▸ **Exercise details**: Everything from the line with "Anglický porcelánový tanier" to the final line of the entries, both included, should be restated word for word; please omit the pictures.
***** Data for this exercise
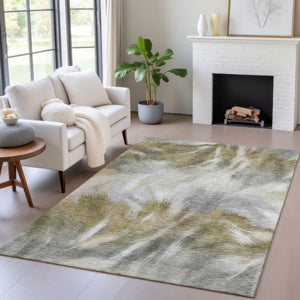 HomeRoots 5' Modern Pewter and Silver Abstract Washable Area Rug for Stylish Indoor and Outdoor Spaces 10' X 14' 631352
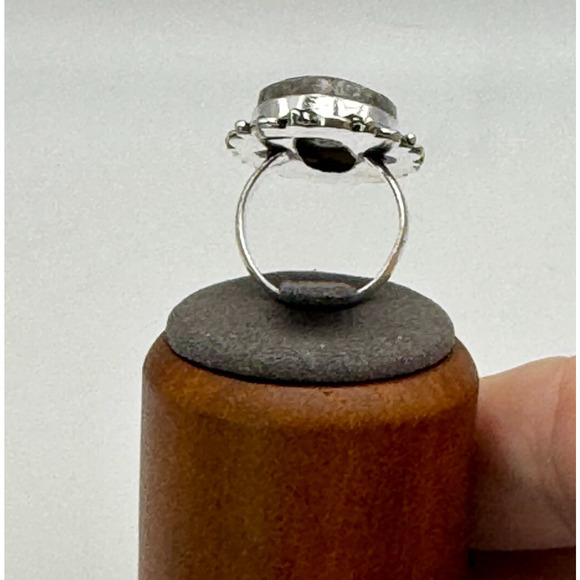 Snowflake Obsidian Stone Estate Ring .925 Stone Sz 6 - 5.45 Grams - 1" - Picture 2 of 4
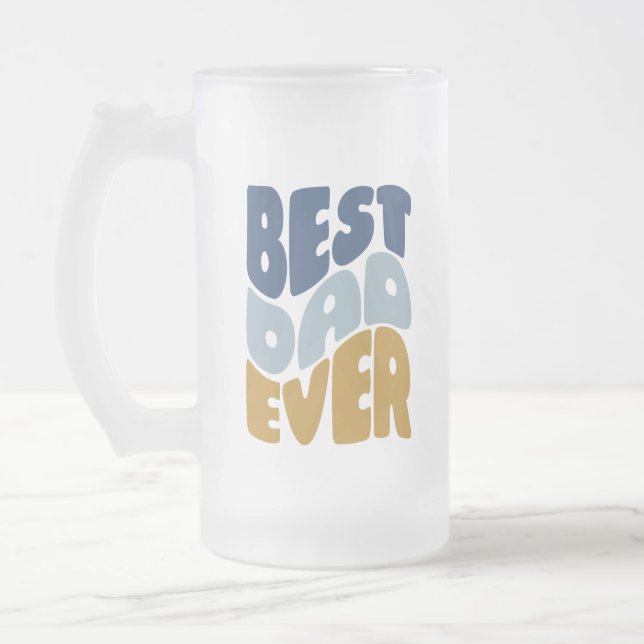 Best dad ever frosted glass beer mug (Left)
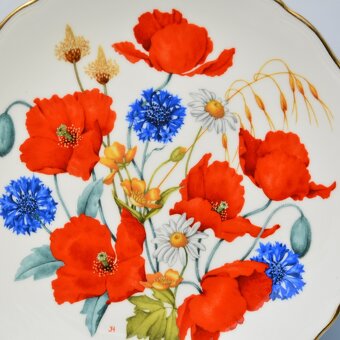 Anglický porcelánový tanier - Divoké maky, nevädza - 2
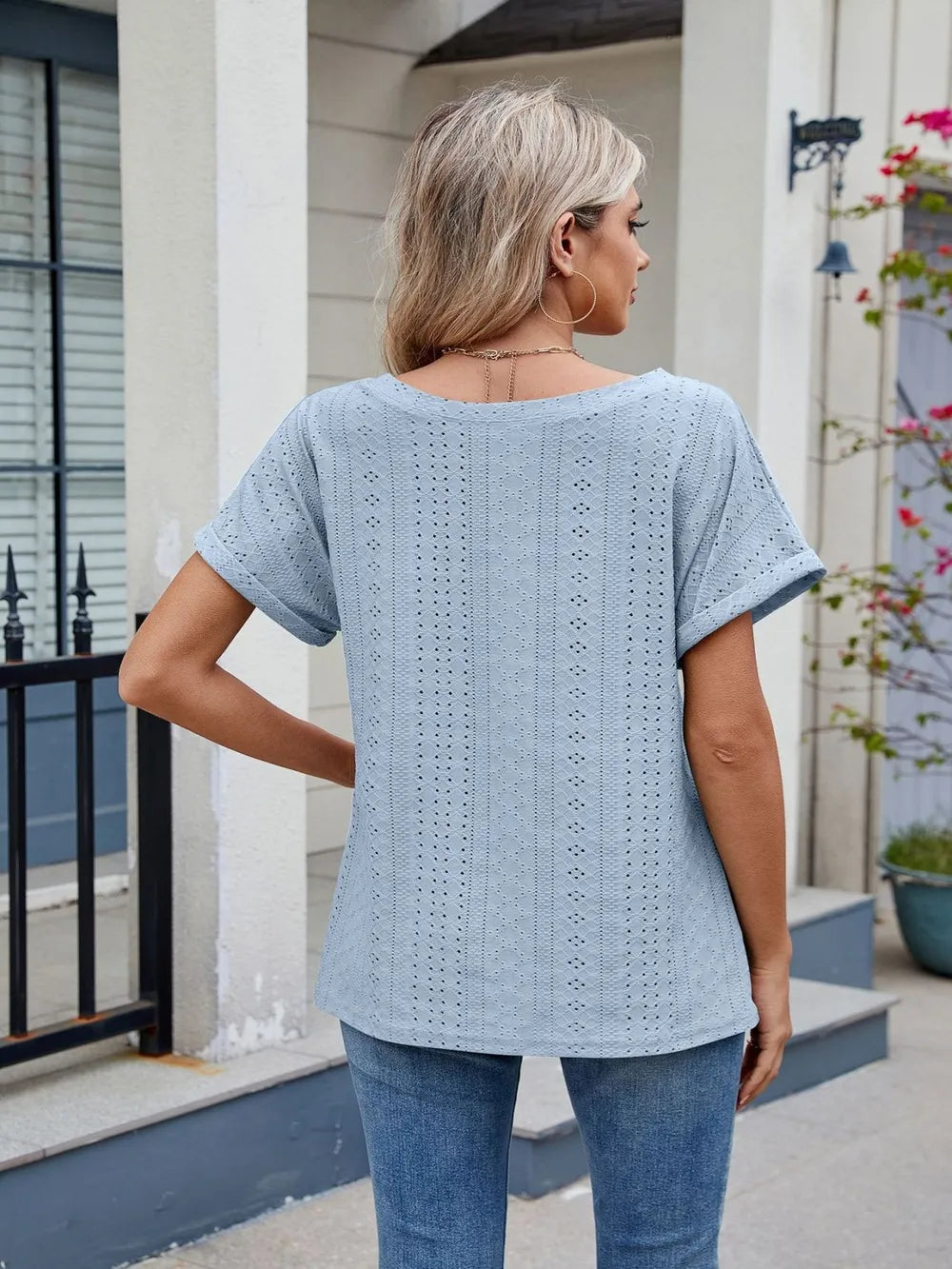 Eyelet Round Neck Short Sleeve Top - Trendsi | Lola Mariee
**********
▸ **Your response**:
 Anglický porcelánový tanier - Divoké maky, nevädza - 2
 Eyelet Round Neck Short Sleeve Top - Trendsi | Lola Mariee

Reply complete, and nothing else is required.